▸ DIRECTIONS FOR THIS TASK:
Write out exactly, and only, the lines below from the line with "Guess Blue Denim" through the line with "Used Honda Civic"; pictures do not belong in the copy.

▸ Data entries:
*** Begin section ***

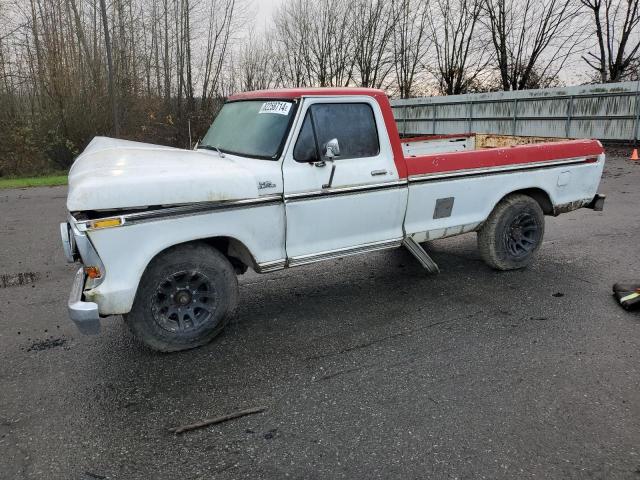 1979 FORD F250 #3028728735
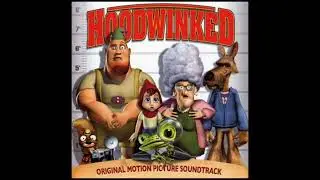 Hoodwinked! - Be prepared (Goat song). Unofficial fanmade instrumental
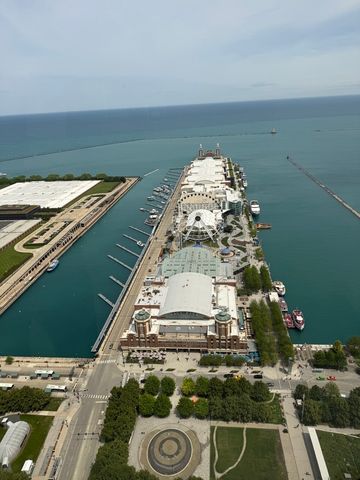 505 N LAKE SHORE Drive 5706, Chicago, IL 60611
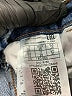 Guess Blue Denim Shorts Size 25 waist - photo 4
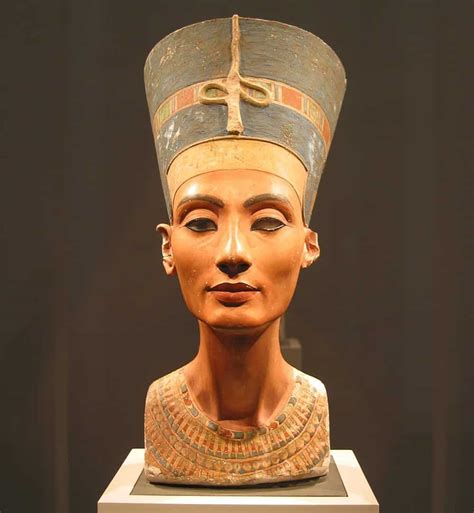 Nefertiti S Riches Bodog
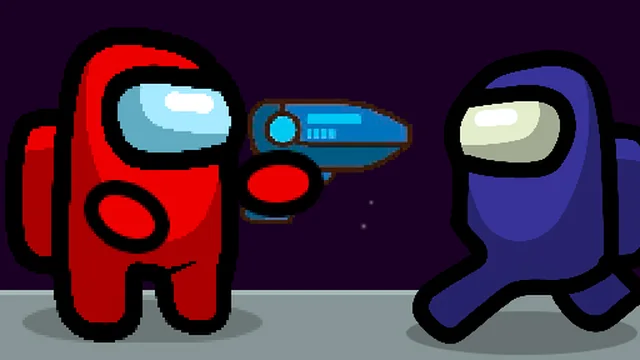 Shoot impostors
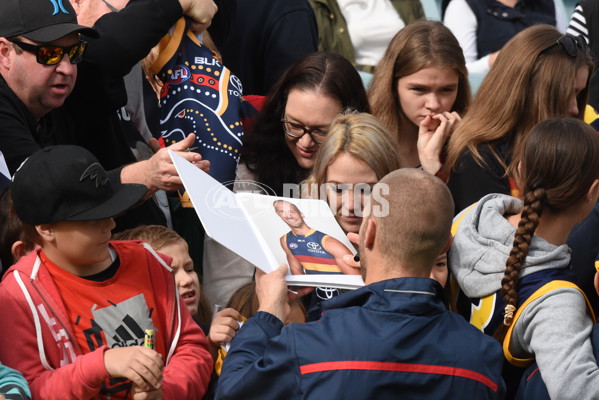 Adelaide 2016 - Open Training, July 19 - 456583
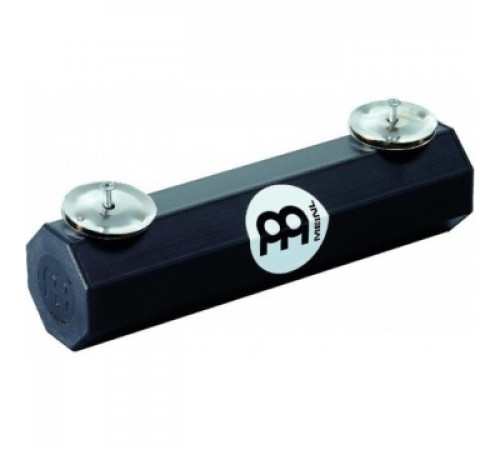 MEINL JS-88 Bk шейкер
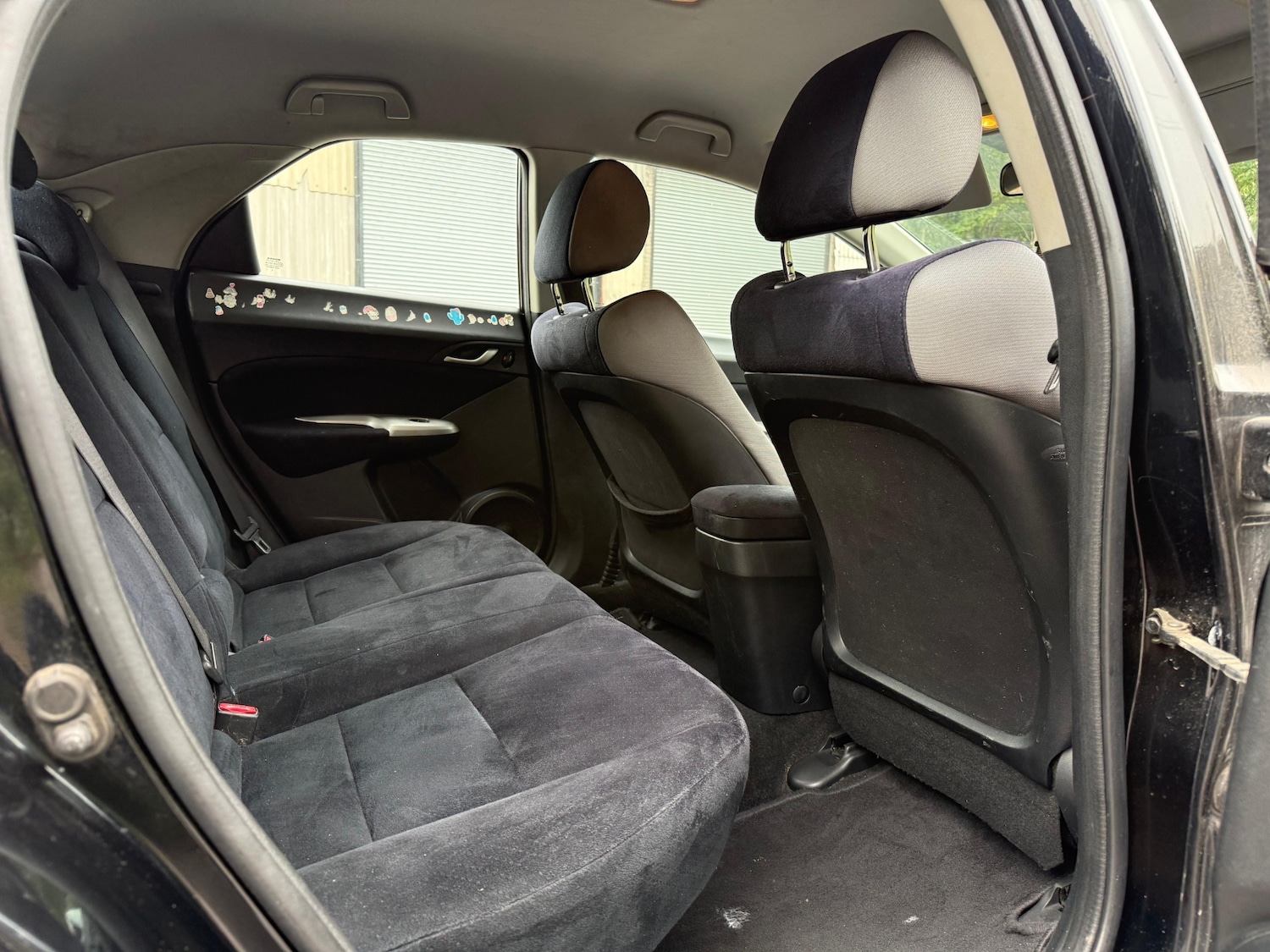 Used Honda Civic 2007 for sale - 76107616: Photo 12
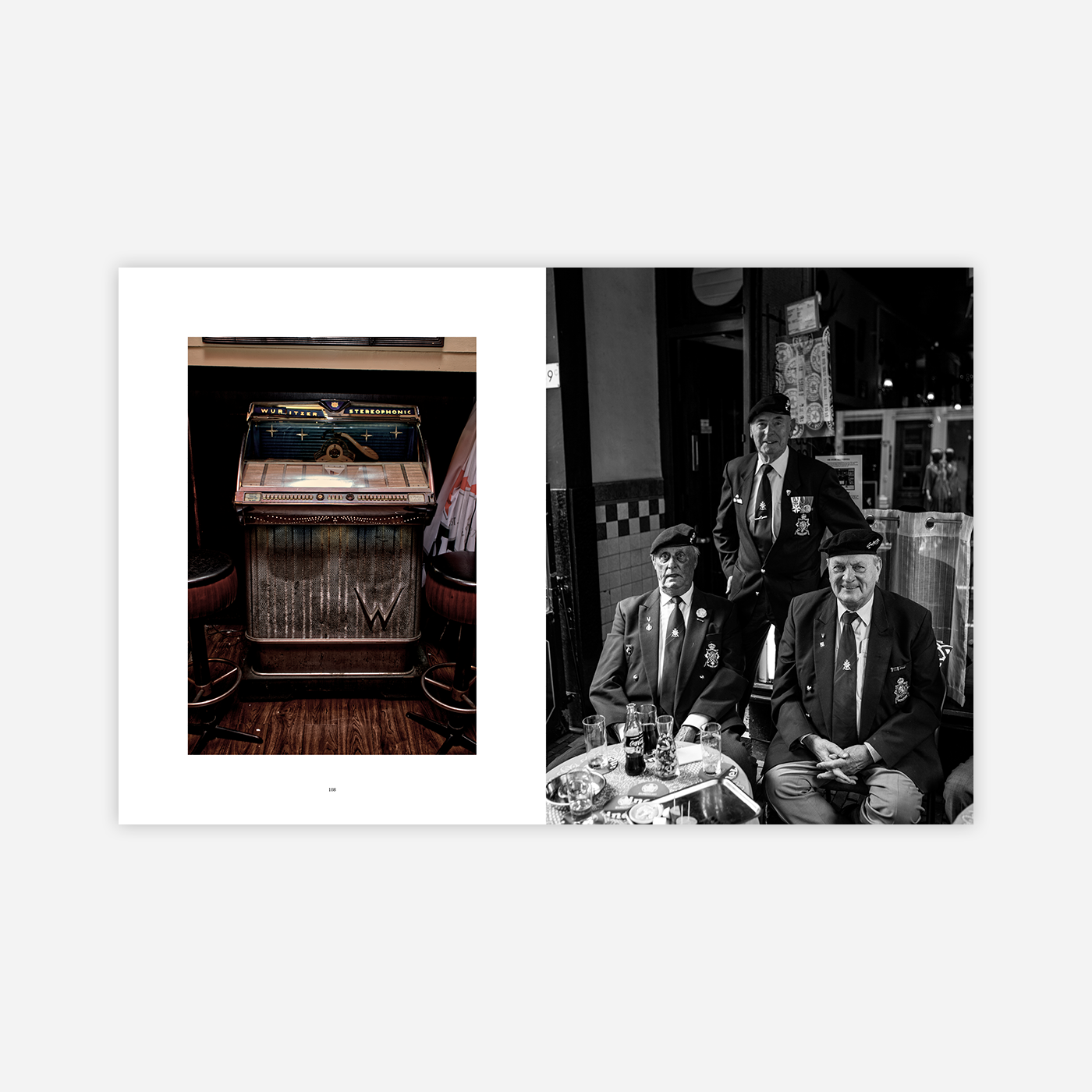 PRE ORDER - Het Rotterdamsche Kroegenboek - Afbeelding 9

*** End section ***

▸ WRITTEN RESPONSE:
 Guess Blue Denim Shorts Size 25 waist - photo 4
 Nefertiti S Riches Bodog
 Shoot impostors
 Adelaide 2016 - Open Training, July 19 - 456583
 MEINL JS-88 Bk шейкер
 Used Honda Civic 2007 for sale - 76107616: Photo 12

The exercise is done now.